Why Jesus Got Baptized


    Shortly after I began to seriously study the Bible, I was puzzled as to why Jesus was baptized. Mark 1:9-11 gives us the shortest account of this inaugural event in the life of Jesus' public ministry:

"In those days Jesus came from Nazareth in Galilee and was baptized by John in the Jordan. 10 Immediately coming up out of the water, He saw the heavens opening, and the Spirit like a dove descending upon Him; 11 and a voice came out of the heavens: “You are My beloved Son, in You I am well-pleased.”

    In my younger days, I had understood from my study of the rest of the New Testament that baptism was administered to those who had believed on Jesus as their Savior and Lord (Acts 2:37-38; Romans 6:4-11; 1 Peter 3:21).
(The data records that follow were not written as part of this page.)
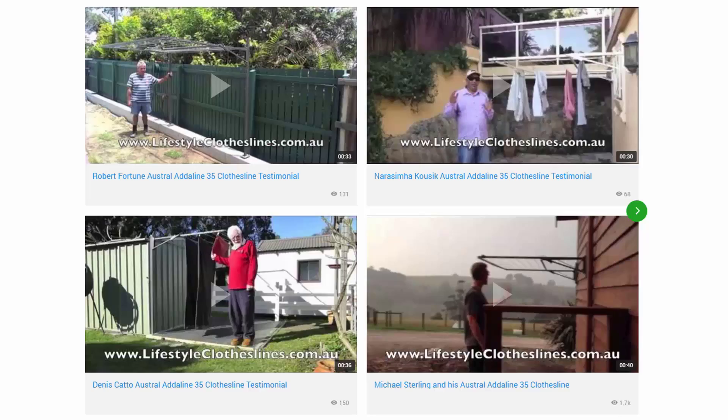You can also find a large selection of customer videos and other videos throughout the Lifestyle Clotheslines website. Shown here are some of the video testimonials from a selection of customers — with over 200 videos from customers, you can see how they have installed their clotheslines and whether that's going to be the right setup and solution for your needs.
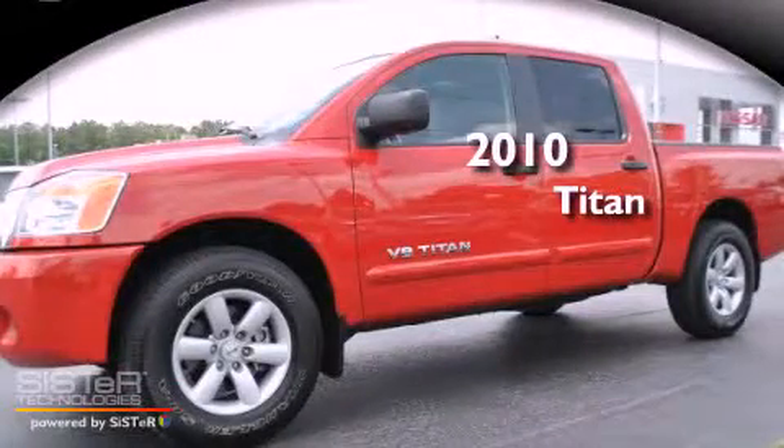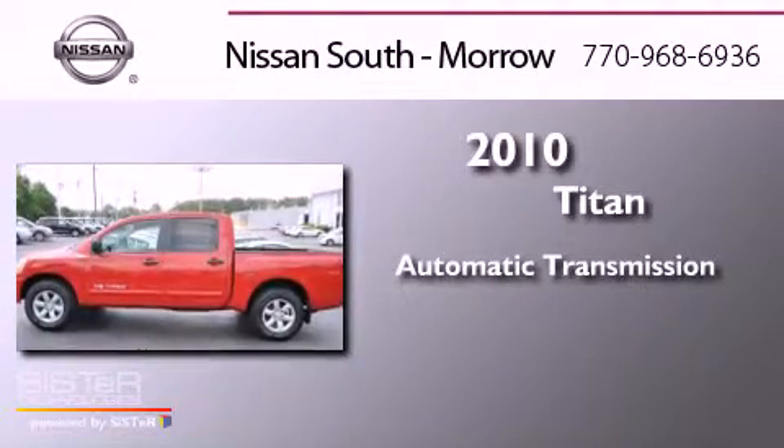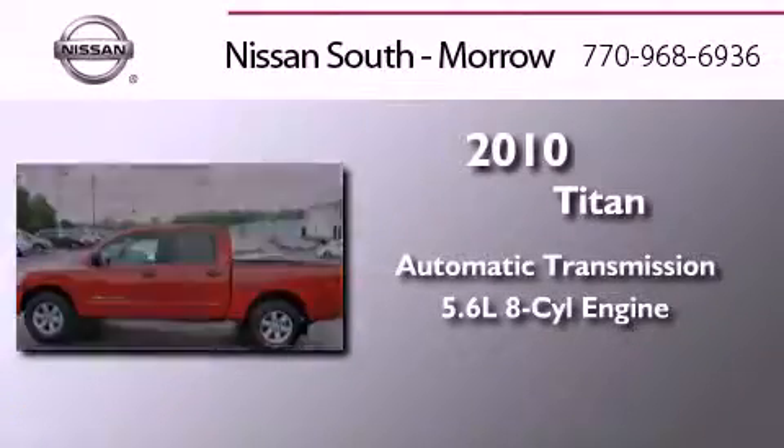This is a 2010 Nissan Titan. This truck has an automatic transmission and a 5.6-liter V8.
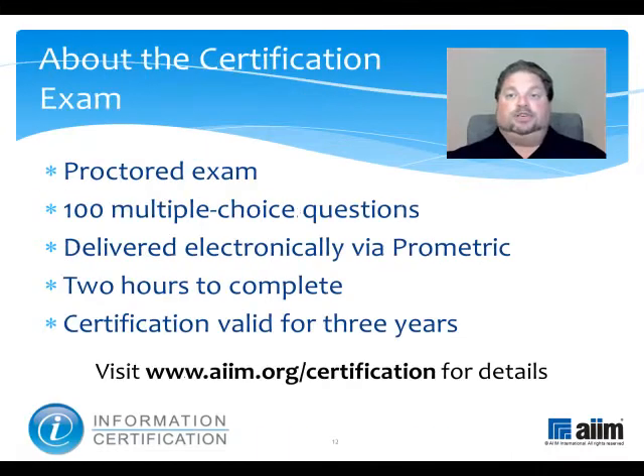The material you have just reviewed is part of a broader program of study that prepares you to take the information certification exam. This proctored test consists of 100 multiple choice questions and is delivered electronically by Prometric. You'll have two hours to complete it, and upon passing, you'll earn a professional certification that's valid for three years. For more information, please visit www.aim.org/certification. Thank you.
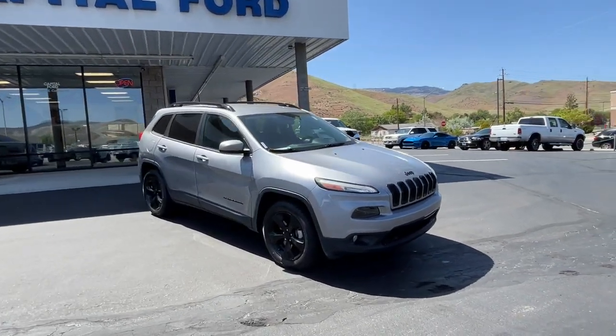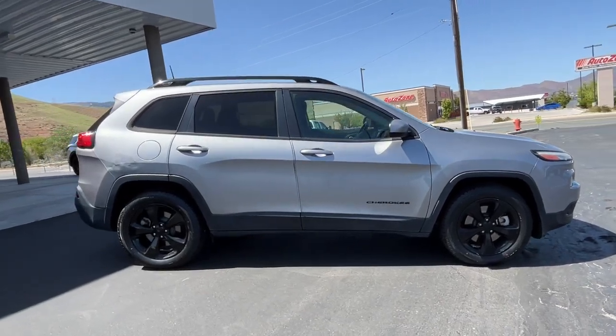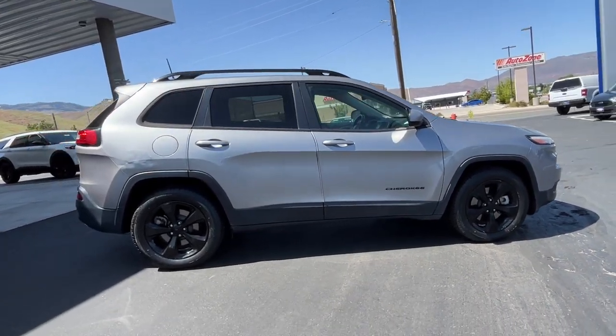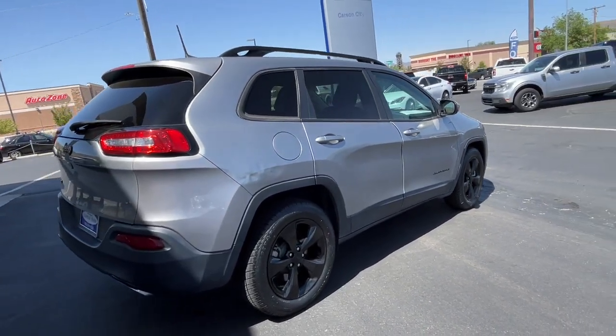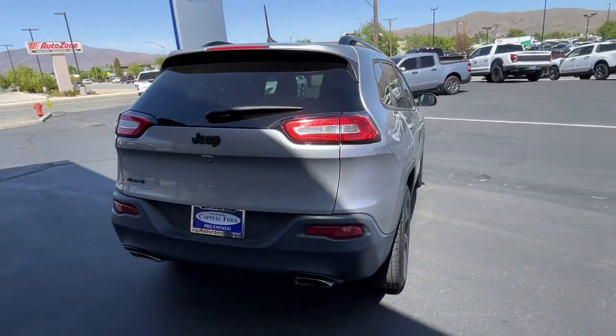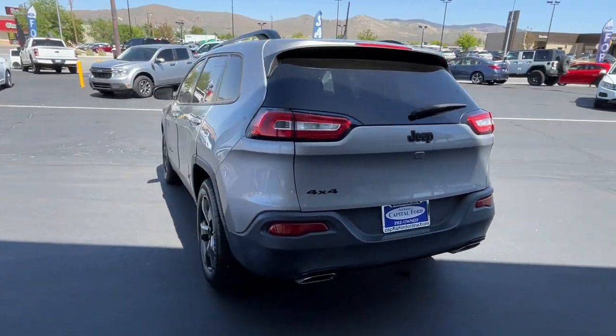Introducing the 2016 Jeep Cherokee. This vehicle is an outstanding buy with fewer than 60,000 miles on the odometer. Explore your world with confidence in the Cherokee. Its premium features keep you comfortable while its rugged capability takes you wherever the road or trail leads.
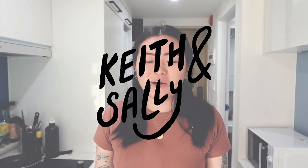Hi guys and welcome to our apartment tour video. I thought maybe people would be interested to see where we're staying. We are renting a place for three months while we're living here in Seoul, and we thought we'd show you guys around.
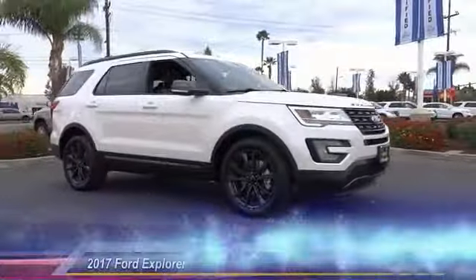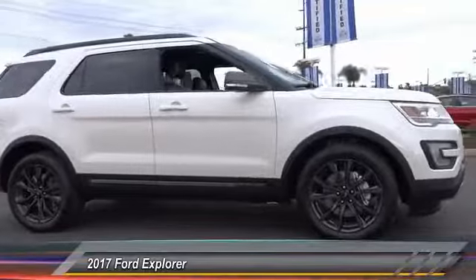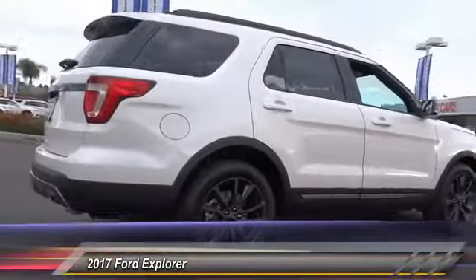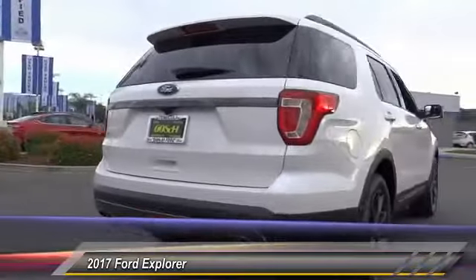The 2017 Explorer. You've got a lot of capabilities to call on in a Ford Explorer. Don't underestimate your choices. And is priced below $45,000.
Yet, it was plain from passages such as 1 Peter 2:21 that Jesus had no need of salvation, since He came to provide it (see Mark 10:45; Luke 19:10; Romans 10:8-10; Titus 2:11; 1 Peter 1:18). I had also understood that baptism was administered to believers for the express purpose of publicly professing their trust in Him as Savior and Lord (1 Peter 3:21). This particular point of public identification with Christ had opened up a little bit as to why Jesus Himself was baptized, since He had come to publicly identify with the people He came to redeem. 

    Still, the mystery as to why Jesus was baptized remained a puzzle to me until I began to compare the other Gospel accounts of His baptism in Matthew and Luke. Finally, the Lord began to unlock the mystery. In today's post, we want to explore why it was that Jesus got baptized, and why this has relevance to the Christ-follower today. It is evident from a study of all four Gospel accounts that Jesus' baptism provided the foundations needed for the Christian life. Everything Jesus would experience in His humanity would necessarily form the pattern for what the Christian ought to expect in how they live for Him in their humanity. Below, I want to sketch out three foundations which Jesus provided in His act of being baptized by John the Baptist.

1. Credited righteousness of Jesus. 

    We read in Matthew 3:13-15 -

"Then Jesus arrived from Galilee at the Jordan coming to John, to be baptized by him. 14 But John tried to prevent Him, saying, “I have need to be baptized by You, and do You come to me?” 15 But Jesus answering said to him, “Permit it at this time; for in this way it is fitting for us to fulfill all righteousness.” Then he permitted Him."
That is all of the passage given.